Il messaggio di Putin all'Ovest e tutti i passi verso l'escalation

L'attacco dice che Mosca non sta scherzando. Europa e Usa si chiedano se sono pronte a intervenire sul campo

Il messaggio di Putin all'Ovest e tutti i passi verso l'escalation

Trenta missili per metterci alla prova. Trentacinque missili per farci capire che non si scherza più. Un raid e due avvertimenti che la Nato e l'Europa non possono ignorare. A soli 25 chilometri del centro di addestramento di Leopoli disintegrato dalle testate russe corre infatti il confine con la Polonia. E lungo quel confine passa il Rubicone disegnato dall'articolo 5 della Nato. Quell'articolo non è soltanto un simbolico flatus vocis, ma bensì lo spartiacque decisivo capace di trasformare un attacco a Varsavia in una guerra di tutta l'Alleanza contro la Russia.

Un «Rubicone» rammentato drammaticamente dal portavoce del Pentagono John Kirby pronto, ieri, a ricordare agli alleati che «un attacco armato contro uno è un attacco contro tutti». Proprio per questo la durissima minaccia di Mosca va presa con estrema serietà e consapevolezza. I giochi, insomma, sono finiti. Le capitali europee, d'intesa con Londra e Washington, non possono più chiedersi soltanto se sono disposte ad aiutare l'Ucraina. Devono, a questo punto, domandarsi se sono pronte ad accettare che i propri soldati e i propri cittadini muoiano per fermare Mosca. E devono farlo senza fraintendimenti. Anche perché Mosca stavolta ha prima avvertito, poi colpito e infine rilanciato la minaccia. Per capirlo basta riavvolgere il film dell'attacco al centro di Yavoriv. A partire dai luoghi, ovvero da uno scenario decisamente cruciale.

Leopoli è il capoluogo di quei territori occidentali dell'Ucraina che, per ragioni storiche e politiche, restano al di fuori dalle mire del Cremlino. Quindi, in teoria, non dovrebbe venir colpita. A far la differenza contribuiscono due elementi. Il primo è la contiguità con quella frontiera polacca da cui passano le armi promesse dai paesi della Nato (Italia compresa) all'Ucraina. Nei sospetti di Mosca quella contiguità fa di Leopoli non solo il punto d'arrivo, ma anche il centro di smistamento dei carichi di armi e munizioni. Carichi che dribblano i pattugliamenti russi e raggiungono le zone del fronte grazie alle informazioni satellitari garantite dall'intelligence occidentale. Non a caso solo 12 ore prima del micidiale raid missilistico, il Cremlino mette in guardia Washington ed i suoi alleati. «Avvisiamo gli Stati Uniti - ammonisce il viceministro degli Esteri russo, Sergei Ryabkov - inviare armi dai vari paesi pronti a stare al gioco non è soltanto una mossa pericolosa, ma un'azione che trasforma quei convogli in obbiettivi legittimi». Come dire siamo pronti a colpire chiunque partecipi a quelle spedizioni.

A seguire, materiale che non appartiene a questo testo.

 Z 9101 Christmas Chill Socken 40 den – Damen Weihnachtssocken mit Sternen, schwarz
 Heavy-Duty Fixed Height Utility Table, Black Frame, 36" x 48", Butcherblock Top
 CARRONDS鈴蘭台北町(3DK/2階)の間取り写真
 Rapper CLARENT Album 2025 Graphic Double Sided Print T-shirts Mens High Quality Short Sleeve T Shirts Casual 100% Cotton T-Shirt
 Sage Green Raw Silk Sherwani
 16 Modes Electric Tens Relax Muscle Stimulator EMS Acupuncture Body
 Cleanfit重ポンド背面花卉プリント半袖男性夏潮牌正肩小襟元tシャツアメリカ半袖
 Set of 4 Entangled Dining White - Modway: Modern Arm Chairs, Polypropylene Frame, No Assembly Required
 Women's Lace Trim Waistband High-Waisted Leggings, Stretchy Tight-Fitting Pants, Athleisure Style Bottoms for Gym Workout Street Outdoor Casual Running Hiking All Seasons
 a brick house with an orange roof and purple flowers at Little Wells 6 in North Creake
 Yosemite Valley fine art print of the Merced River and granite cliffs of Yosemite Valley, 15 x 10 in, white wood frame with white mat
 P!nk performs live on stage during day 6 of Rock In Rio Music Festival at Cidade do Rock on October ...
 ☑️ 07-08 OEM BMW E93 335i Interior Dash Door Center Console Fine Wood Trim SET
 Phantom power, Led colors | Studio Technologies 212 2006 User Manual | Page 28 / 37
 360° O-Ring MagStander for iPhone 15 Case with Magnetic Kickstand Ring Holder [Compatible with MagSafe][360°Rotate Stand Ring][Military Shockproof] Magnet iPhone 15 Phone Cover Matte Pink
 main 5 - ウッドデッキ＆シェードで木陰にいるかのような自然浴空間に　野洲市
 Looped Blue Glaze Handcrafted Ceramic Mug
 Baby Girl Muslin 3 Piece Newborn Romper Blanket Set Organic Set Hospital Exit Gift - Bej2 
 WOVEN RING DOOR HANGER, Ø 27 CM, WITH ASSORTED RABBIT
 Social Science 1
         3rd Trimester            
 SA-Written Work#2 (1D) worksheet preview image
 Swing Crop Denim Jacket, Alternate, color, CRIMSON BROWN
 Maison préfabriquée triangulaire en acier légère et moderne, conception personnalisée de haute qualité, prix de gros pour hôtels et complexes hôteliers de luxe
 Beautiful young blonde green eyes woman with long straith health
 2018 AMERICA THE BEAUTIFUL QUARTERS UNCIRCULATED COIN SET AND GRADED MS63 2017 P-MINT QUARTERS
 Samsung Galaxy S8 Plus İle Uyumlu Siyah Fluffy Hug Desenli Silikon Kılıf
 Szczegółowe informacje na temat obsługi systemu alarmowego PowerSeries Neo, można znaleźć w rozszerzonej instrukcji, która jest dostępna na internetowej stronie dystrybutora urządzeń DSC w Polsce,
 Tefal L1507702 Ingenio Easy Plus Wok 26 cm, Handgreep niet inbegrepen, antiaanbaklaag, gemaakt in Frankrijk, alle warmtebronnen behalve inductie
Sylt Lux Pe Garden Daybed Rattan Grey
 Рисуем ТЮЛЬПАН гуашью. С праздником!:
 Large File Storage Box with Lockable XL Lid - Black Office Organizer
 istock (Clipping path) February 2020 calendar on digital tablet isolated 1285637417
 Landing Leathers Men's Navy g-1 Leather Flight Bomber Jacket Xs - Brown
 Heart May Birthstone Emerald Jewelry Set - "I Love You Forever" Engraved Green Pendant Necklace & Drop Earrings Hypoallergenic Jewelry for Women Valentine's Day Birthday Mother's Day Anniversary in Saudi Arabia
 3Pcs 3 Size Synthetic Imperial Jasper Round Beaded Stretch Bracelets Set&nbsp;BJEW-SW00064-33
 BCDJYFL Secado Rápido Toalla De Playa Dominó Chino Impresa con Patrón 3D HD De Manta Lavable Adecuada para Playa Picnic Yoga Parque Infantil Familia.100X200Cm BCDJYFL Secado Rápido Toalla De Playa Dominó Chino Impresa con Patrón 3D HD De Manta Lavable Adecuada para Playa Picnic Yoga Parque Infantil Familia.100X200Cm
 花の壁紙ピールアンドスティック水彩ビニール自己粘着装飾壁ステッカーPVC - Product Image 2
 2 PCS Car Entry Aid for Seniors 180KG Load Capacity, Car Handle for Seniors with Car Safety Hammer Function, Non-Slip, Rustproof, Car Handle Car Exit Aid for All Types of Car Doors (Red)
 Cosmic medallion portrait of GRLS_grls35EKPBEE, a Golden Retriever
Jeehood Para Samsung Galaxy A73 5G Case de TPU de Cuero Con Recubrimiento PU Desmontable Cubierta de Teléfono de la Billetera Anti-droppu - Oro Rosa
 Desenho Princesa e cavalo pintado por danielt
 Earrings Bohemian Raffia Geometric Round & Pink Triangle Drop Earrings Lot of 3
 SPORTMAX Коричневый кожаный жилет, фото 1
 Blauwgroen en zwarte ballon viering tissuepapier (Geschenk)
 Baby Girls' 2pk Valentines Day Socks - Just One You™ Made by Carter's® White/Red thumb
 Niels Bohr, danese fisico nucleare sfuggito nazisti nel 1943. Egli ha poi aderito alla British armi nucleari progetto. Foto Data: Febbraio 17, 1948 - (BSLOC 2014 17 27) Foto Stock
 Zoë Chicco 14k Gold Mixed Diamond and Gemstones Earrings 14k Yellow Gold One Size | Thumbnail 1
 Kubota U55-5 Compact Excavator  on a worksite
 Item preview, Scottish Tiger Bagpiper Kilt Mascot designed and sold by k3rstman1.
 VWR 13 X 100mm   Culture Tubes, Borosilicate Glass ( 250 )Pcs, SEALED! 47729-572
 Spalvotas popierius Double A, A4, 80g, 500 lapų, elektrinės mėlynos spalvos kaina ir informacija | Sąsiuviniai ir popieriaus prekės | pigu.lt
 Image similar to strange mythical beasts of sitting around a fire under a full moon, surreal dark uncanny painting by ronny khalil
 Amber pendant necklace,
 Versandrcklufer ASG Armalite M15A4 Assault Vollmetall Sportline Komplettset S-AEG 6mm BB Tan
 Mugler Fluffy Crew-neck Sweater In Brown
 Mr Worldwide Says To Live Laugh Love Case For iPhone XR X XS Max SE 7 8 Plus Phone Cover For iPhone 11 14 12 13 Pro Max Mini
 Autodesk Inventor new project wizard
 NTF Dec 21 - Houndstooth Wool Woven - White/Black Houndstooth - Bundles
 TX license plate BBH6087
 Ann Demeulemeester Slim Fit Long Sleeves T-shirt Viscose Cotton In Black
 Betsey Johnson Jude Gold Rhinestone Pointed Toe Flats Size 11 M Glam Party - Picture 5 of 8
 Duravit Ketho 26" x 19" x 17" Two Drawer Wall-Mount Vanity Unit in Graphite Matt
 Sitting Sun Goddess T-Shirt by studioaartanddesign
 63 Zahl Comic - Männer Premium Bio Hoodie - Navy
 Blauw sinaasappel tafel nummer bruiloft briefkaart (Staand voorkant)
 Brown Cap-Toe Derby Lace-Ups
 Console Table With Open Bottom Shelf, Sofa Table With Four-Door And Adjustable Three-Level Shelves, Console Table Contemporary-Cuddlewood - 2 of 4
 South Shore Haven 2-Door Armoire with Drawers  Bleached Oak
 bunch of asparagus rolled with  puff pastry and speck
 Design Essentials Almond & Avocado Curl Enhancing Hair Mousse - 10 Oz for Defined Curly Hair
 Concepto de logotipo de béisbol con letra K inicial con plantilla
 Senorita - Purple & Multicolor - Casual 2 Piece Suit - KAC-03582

E qui arriviamo al secondo elemento critico dello scenario ovvero il centro di addestramento di Yavoriv colpito dai missili russi. Nella base - conosciuta con il nome un po' paradossale di «Centro internazionale per la sicurezza e il mantenimento della Pace» - lavoravano, fino allo scorso febbraio, gli istruttori della Guardia Nazionale statunitense, dell'esercito britannico e di altre forze della Nato impegnate a formare le unità dell'esercito ucraino. Dopo il rientro degli addestratori Nato l'infrastruttura è diventata - come dimostra la presenza di numerosi europei e stranieri tra le vittime del raid - il punto di ritrovo dei circa 20mila «volontari provenienti da 52 paesi diversi» pronti, secondo il ministro degli esteri ucraino Dmytro Kuleba, a combattere per Kiev. Ma questo flusso di «volontari» - legittimati dal via libera concesso da due donne ai vertici della politica europea come la segretaria agli esteri di Sua Maestà Liz Truss e la premier danese Mette Frederiksen - insospettisce non poco il Cremlino. Agli occhi di Mosca tra quei «volontari» si nascondono militari delle forze speciali mandati a garantire il coordinamento dei convogli o a continuare, sotto mentite spoglie, l'addestramento delle forze di Kiev.

«Abbiamo ucciso mercenari stranieri, distrutto armi straniere e continueremo a eliminare i mercenari stranieri

arrivati in Ucraina»,- ripeteva ieri il ministero della Difesa di Mosca. Insomma a giudicare non solo dalle parole, ma anche dai fatti le rappresaglie non si fermeranno qui. Per questo da ieri il Rubicone è sempre più stretto.